Assignment
Below are records to transcribe in full and unchanged; omit every picture.

• • • •

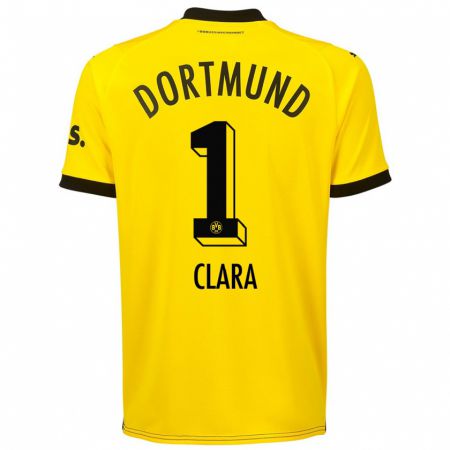 Kandiny Damen Woltering Clara #1 Gelb Heimtrikot Trikot 2023/24 T-Shirt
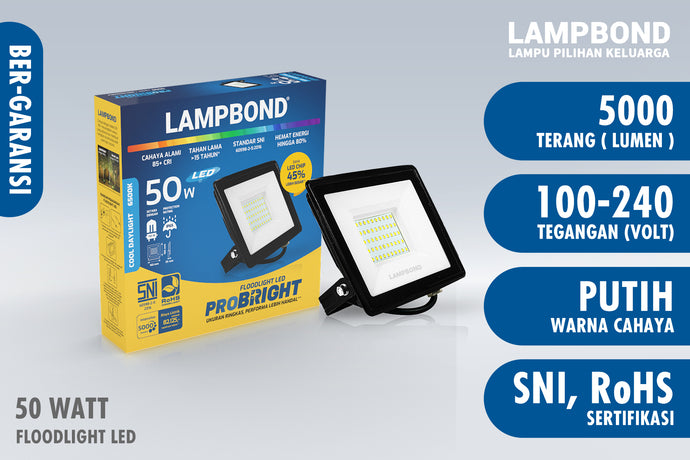 Lampbond® -Floodlight LED Probright 50 Watt - Cool Daylight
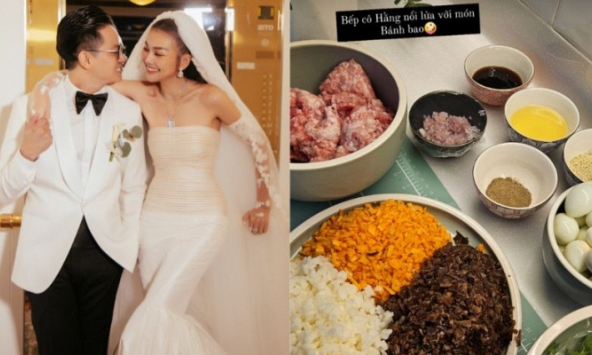 Thanh Hằng trổ tài “nữ công gia chánh” nhân dịp nghỉ lễ, phản ứng của ông xã nhạc trưởng ra sao?
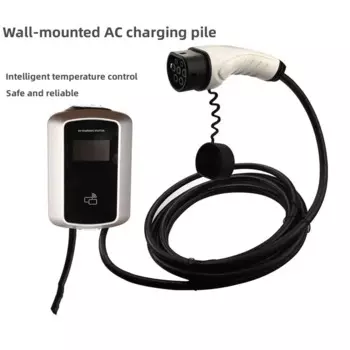 Новое Европейское стандартное зарядное устройство 16 А/32 А для автомобиля, домашнее напольное зарядное устройство 7 кВт с Wi-Fi, зарядная станция для карт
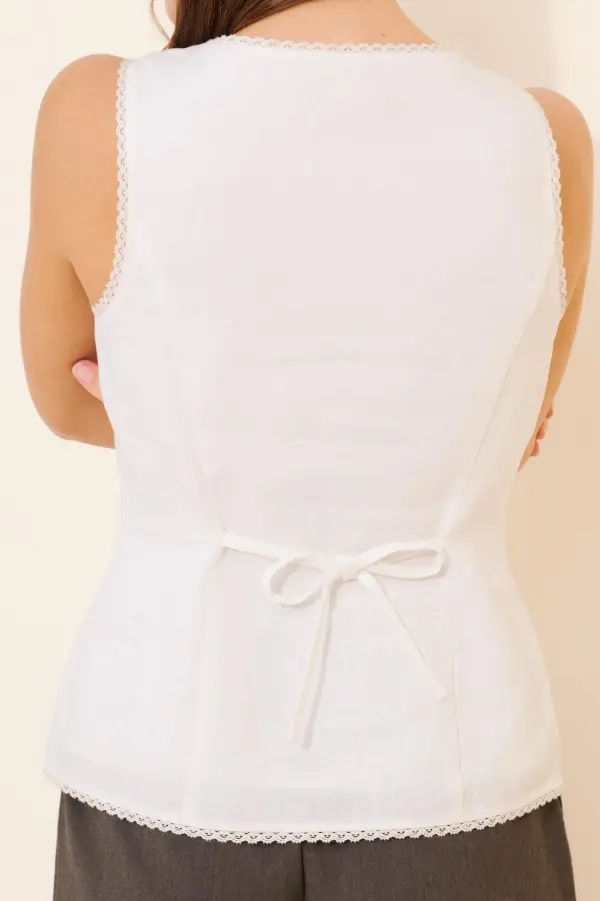 Micah Linen Blend Top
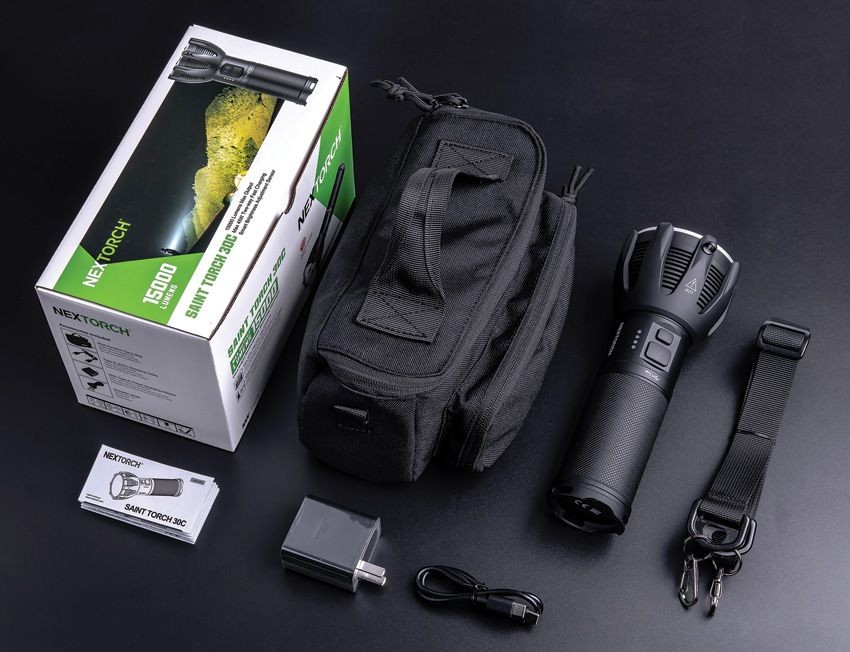 Nextorch Saint Torch 30C Flashlight Black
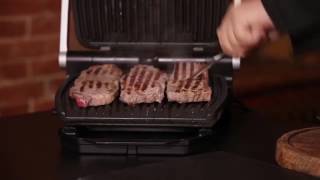 Tefal Optigtill GC 702 D 34  автоматическое определение степени прожарки для сочных результатов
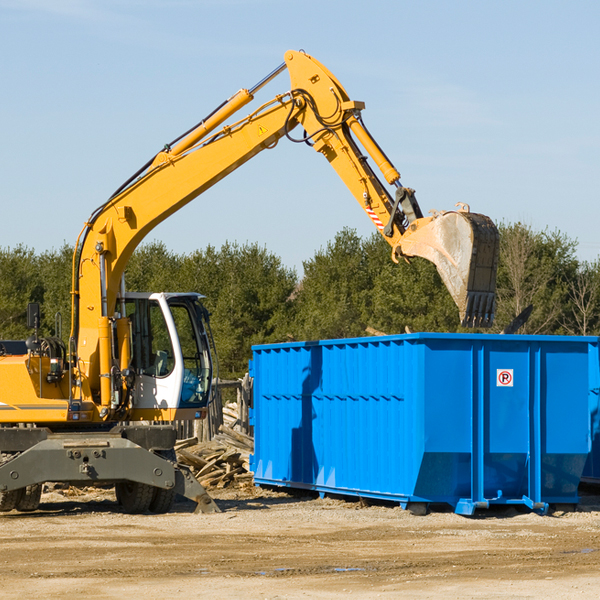 how does a residential dumpster rental service work in JAARS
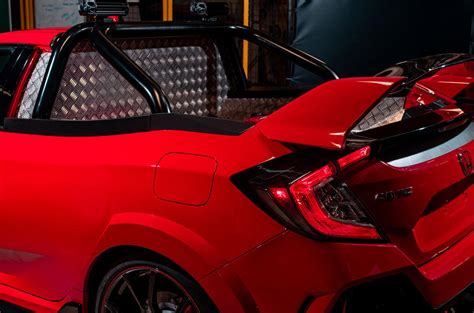 Honda Civic Type R Pickup Truck Concept Revealed Autocar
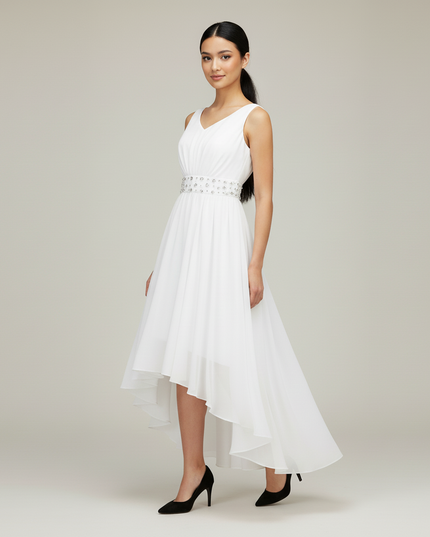 Festliches Kleid Jugendweihe Maedchen Ballkleid Weiss - Ansicht 5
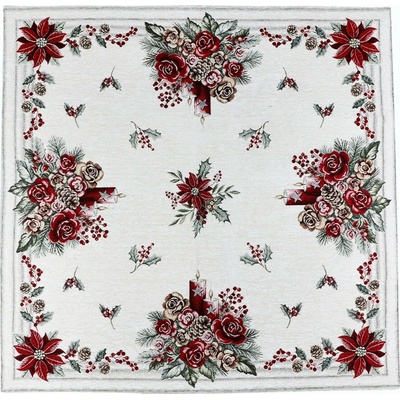 Mondo Vánoční Gobelínový ubrus Chenille IT015 90x90cm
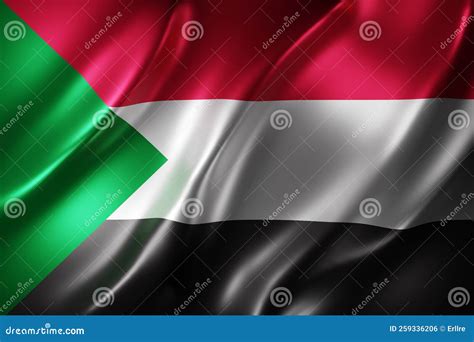 North Sudan 3d flag stock illustration. Illustration of concept - 259336206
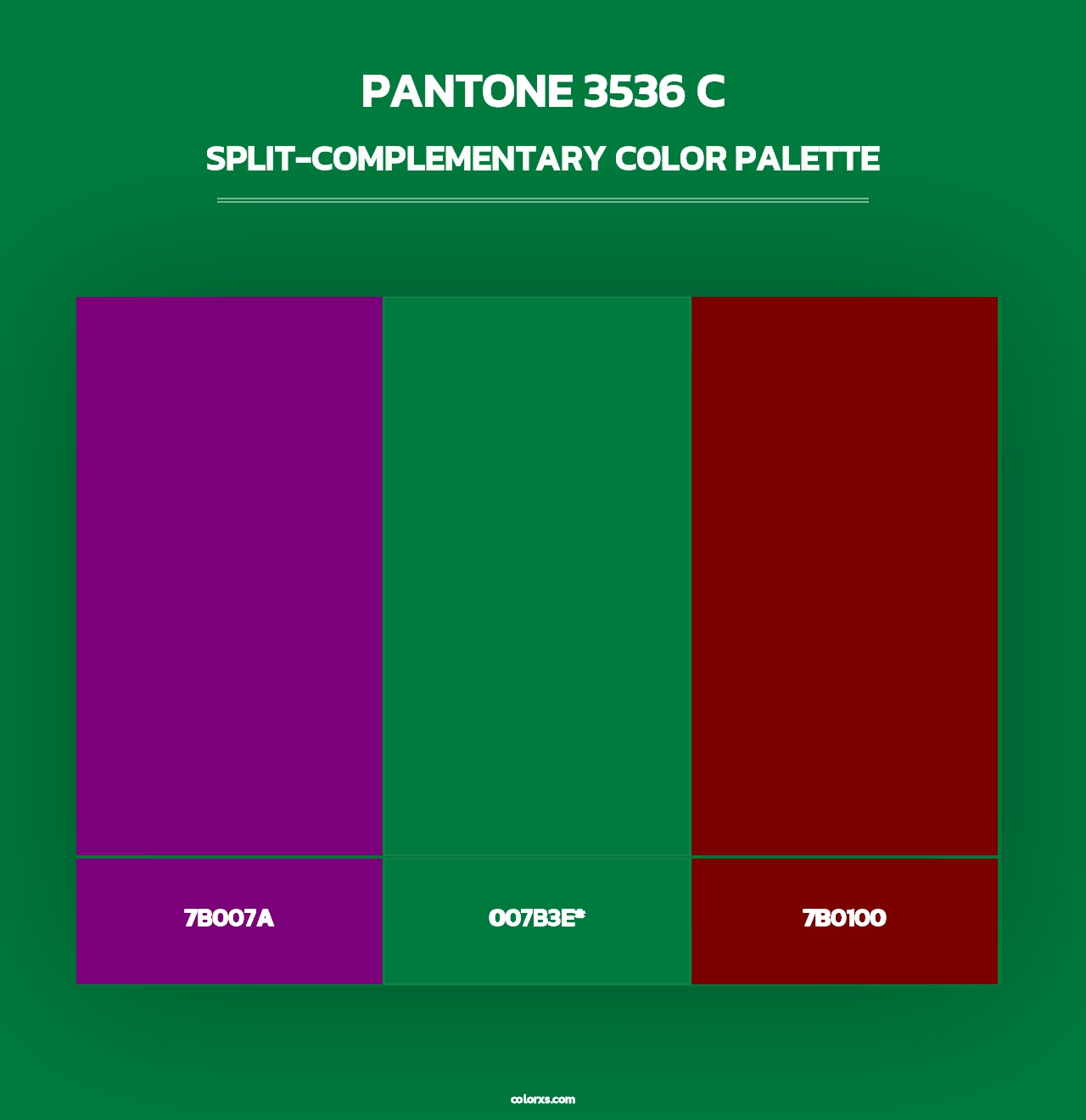 PANTONE 3536 C - Split-Complementary Color Palette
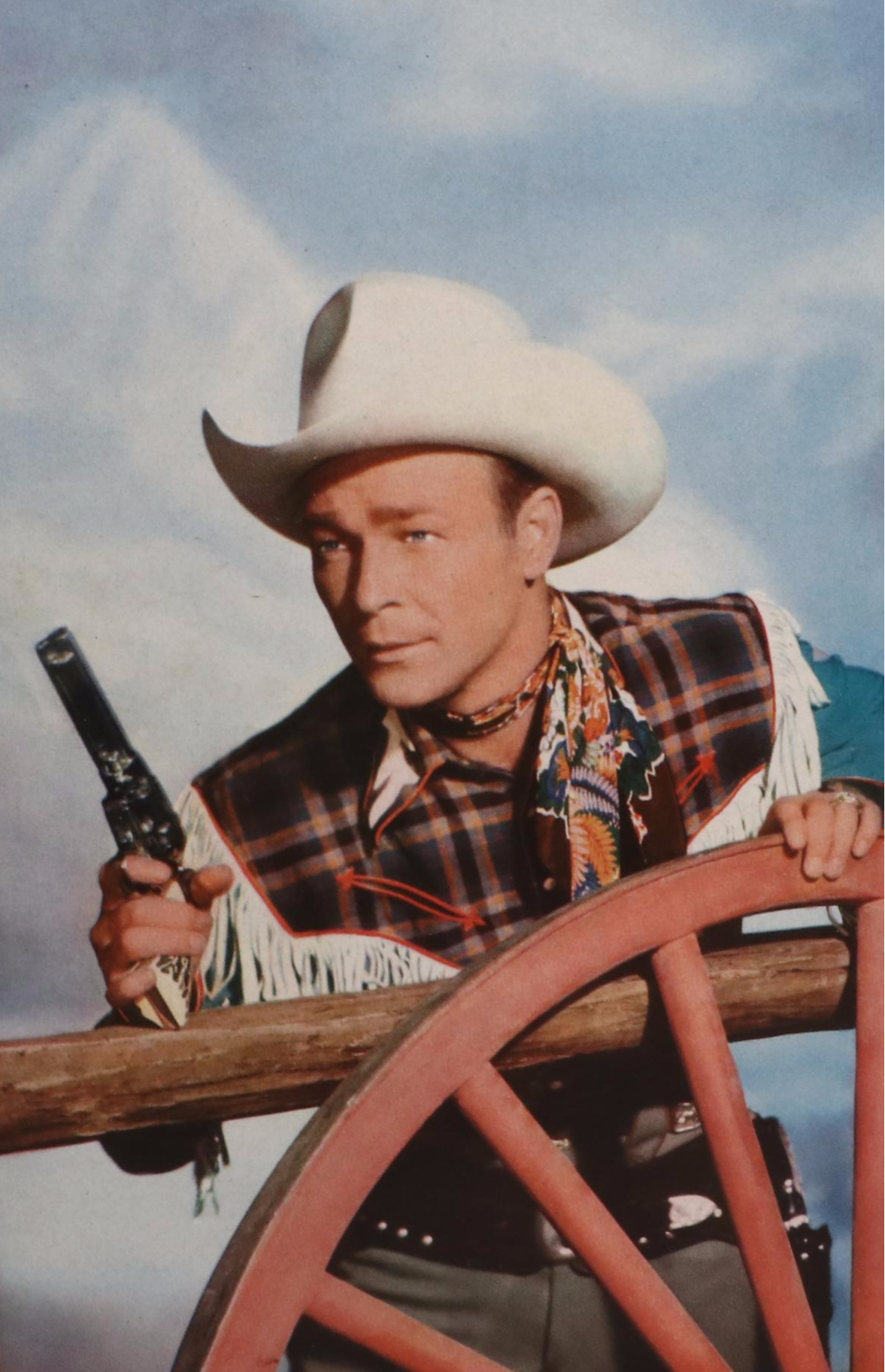 John Wayne Signed with Other Movie Cowboy Prints and Ephemera Albums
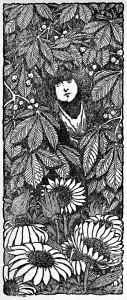 Robinson Prints: The Little Robber-Maiden, c1930. Artist: W Heath Robinson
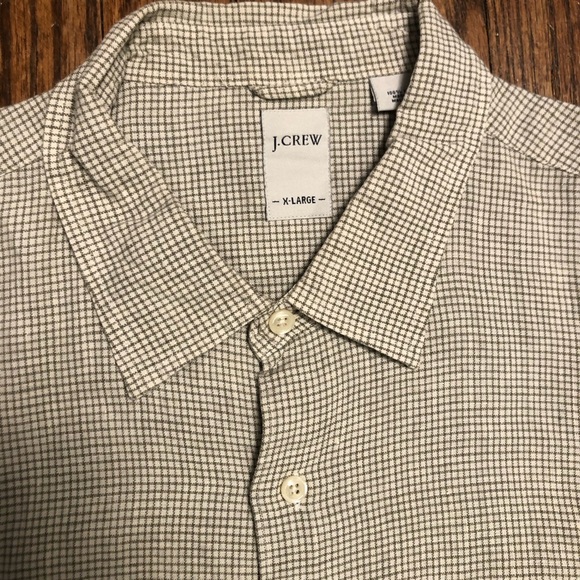 VTG J. Crew Linen Shirt - Picture 2 of 5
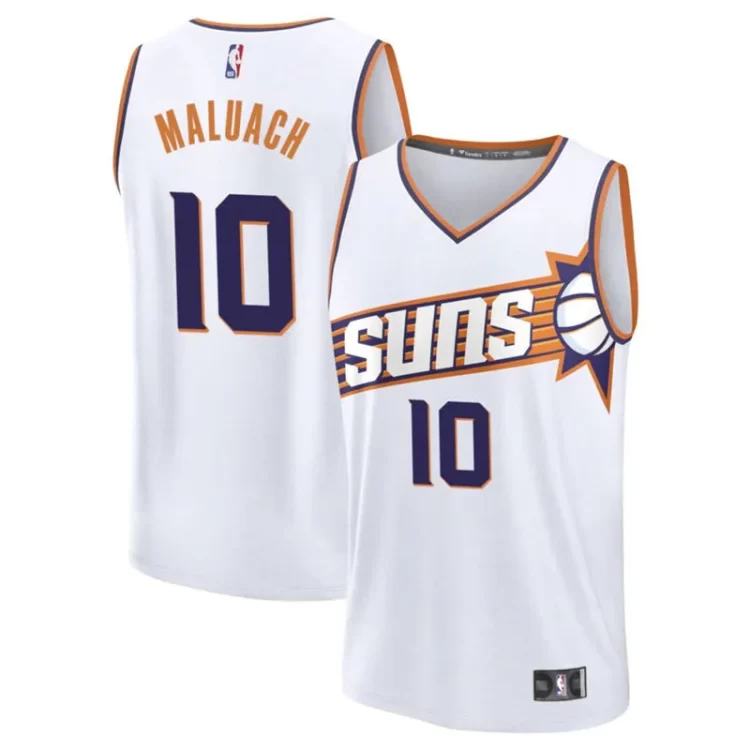 Mens Phoenix Suns #10 Khaman Maluach White Association Edition Swingman Jersey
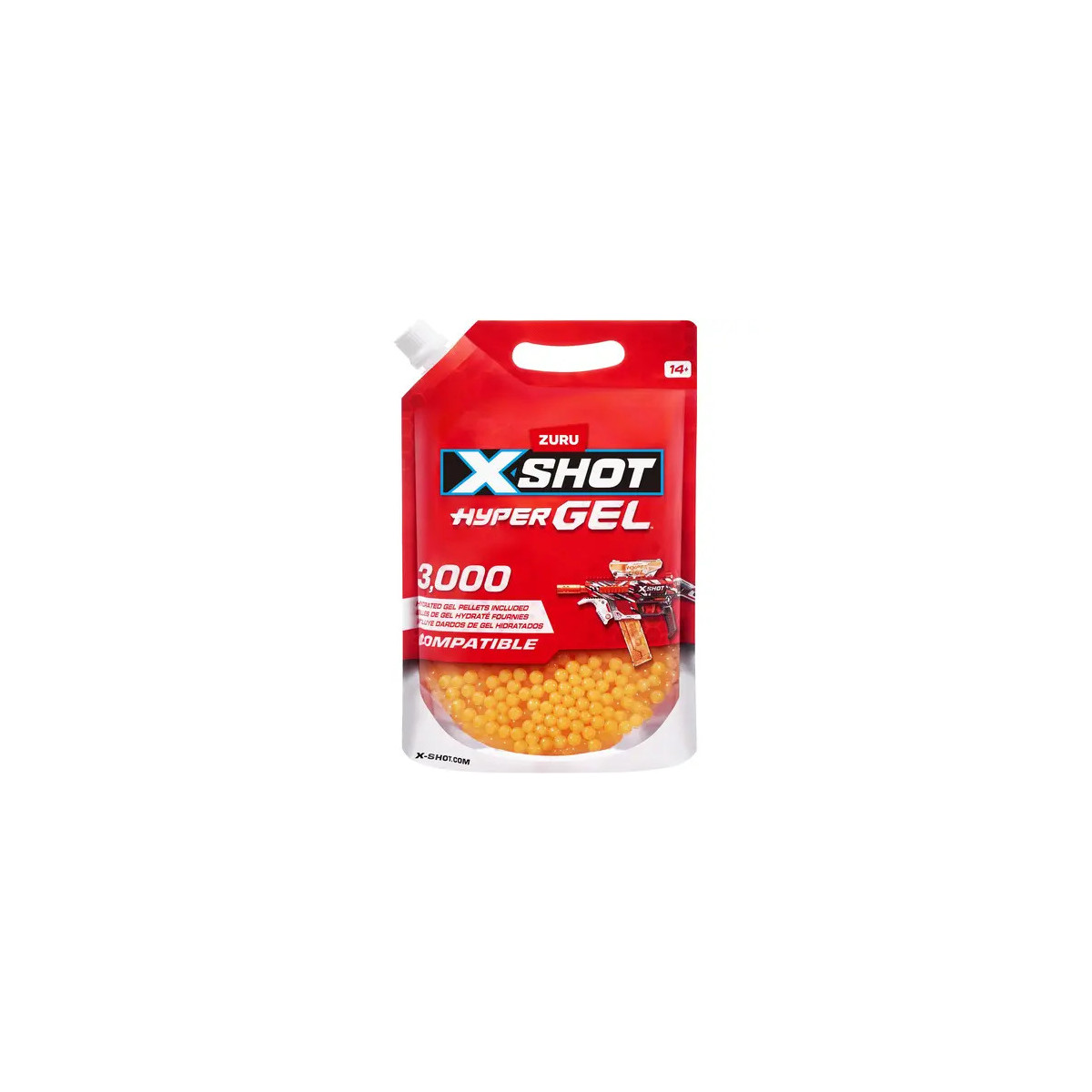 XSHOT - Hyper Gel Nachfüllpackung 3.000 Gel-Kugeln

• • • •

Answer
 Kandiny Damen Woltering Clara #1 Gelb Heimtrikot Trikot 2023/24 T-Shirt
 Lampbond® -Floodlight LED Probright 50 Watt - Cool Daylight
 Thanh Hằng trổ tài “nữ công gia chánh” nhân dịp nghỉ lễ, phản ứng của ông xã nhạc trưởng ra sao?
 Новое Европейское стандартное зарядное устройство 16 А/32 А для автомобиля, домашнее напольное зарядное устройство 7 кВт с Wi-Fi, зарядная станция для карт
 Micah Linen Blend Top
 Nextorch Saint Torch 30C Flashlight Black
 Tefal Optigtill GC 702 D 34  автоматическое определение степени прожарки для сочных результатов
 how does a residential dumpster rental service work in JAARS
 Honda Civic Type R Pickup Truck Concept Revealed Autocar
 Festliches Kleid Jugendweihe Maedchen Ballkleid Weiss - Ansicht 5
 Mondo Vánoční Gobelínový ubrus Chenille IT015 90x90cm
 North Sudan 3d flag stock illustration. Illustration of concept - 259336206
 PANTONE 3536 C - Split-Complementary Color Palette
 John Wayne Signed with Other Movie Cowboy Prints and Ephemera Albums
 Robinson Prints: The Little Robber-Maiden, c1930. Artist: W Heath Robinson
 VTG J. Crew Linen Shirt - Picture 2 of 5
 Mens Phoenix Suns #10 Khaman Maluach White Association Edition Swingman Jersey
 XSHOT - Hyper Gel Nachfüllpackung 3.000 Gel-Kugeln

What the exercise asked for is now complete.